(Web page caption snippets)
-------------------------

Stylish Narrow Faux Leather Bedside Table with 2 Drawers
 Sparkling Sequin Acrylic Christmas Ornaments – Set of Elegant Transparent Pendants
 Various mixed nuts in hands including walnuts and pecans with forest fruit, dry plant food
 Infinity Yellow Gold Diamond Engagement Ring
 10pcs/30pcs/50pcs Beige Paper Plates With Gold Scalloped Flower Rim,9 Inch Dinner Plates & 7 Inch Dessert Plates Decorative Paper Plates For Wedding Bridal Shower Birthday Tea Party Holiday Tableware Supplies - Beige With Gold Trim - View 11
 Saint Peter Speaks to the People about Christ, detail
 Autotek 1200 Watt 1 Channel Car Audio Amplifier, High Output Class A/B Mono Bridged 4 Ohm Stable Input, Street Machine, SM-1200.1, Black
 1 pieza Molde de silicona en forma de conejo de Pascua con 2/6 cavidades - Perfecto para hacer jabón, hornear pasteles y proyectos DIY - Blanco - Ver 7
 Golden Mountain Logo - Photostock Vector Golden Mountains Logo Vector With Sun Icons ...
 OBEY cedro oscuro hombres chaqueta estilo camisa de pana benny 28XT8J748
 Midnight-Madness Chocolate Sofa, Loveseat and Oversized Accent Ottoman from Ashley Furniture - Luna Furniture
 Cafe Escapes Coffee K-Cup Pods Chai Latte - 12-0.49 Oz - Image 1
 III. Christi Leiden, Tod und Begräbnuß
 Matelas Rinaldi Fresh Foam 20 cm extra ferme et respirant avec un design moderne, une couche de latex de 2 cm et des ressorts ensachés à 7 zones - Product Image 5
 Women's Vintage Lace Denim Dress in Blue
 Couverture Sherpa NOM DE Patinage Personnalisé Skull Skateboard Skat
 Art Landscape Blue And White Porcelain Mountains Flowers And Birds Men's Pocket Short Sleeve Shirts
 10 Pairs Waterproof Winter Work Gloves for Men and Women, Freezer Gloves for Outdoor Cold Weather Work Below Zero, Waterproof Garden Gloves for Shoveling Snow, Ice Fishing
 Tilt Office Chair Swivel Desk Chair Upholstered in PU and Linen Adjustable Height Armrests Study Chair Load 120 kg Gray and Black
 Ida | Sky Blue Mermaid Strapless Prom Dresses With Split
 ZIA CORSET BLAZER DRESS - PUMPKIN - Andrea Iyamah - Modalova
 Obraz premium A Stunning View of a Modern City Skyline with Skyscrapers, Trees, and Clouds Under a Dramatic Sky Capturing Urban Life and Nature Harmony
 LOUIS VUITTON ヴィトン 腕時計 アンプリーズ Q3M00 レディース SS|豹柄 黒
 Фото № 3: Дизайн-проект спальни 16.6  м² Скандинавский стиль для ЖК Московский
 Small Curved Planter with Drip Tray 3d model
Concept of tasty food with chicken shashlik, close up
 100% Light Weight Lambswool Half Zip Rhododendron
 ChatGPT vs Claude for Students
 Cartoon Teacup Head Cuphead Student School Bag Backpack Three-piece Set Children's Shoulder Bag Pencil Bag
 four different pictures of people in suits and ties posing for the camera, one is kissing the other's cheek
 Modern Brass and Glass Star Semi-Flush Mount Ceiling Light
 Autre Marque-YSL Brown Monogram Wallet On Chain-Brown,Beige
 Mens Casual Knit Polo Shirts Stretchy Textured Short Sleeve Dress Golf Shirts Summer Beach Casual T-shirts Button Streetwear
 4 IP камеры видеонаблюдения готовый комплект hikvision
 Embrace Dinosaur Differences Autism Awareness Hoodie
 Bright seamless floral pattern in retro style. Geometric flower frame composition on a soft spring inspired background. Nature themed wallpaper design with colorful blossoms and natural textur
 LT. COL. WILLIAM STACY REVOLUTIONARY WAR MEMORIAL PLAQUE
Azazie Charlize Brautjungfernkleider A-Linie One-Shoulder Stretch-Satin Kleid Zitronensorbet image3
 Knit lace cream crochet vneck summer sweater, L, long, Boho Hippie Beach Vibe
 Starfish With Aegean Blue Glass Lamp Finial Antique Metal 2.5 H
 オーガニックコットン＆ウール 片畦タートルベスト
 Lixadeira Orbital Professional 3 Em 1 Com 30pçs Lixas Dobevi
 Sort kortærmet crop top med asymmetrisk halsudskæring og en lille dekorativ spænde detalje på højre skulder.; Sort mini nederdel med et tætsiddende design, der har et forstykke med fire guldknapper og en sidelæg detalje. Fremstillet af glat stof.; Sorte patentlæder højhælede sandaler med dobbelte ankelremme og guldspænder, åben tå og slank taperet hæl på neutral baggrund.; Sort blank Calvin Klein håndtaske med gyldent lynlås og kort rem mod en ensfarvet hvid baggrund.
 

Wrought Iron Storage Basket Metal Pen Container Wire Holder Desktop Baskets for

-------------------------

**Work instruction**:
Going through the records above line by line, tally those with the word "View" and answer with the number only.

**Answer area**:
2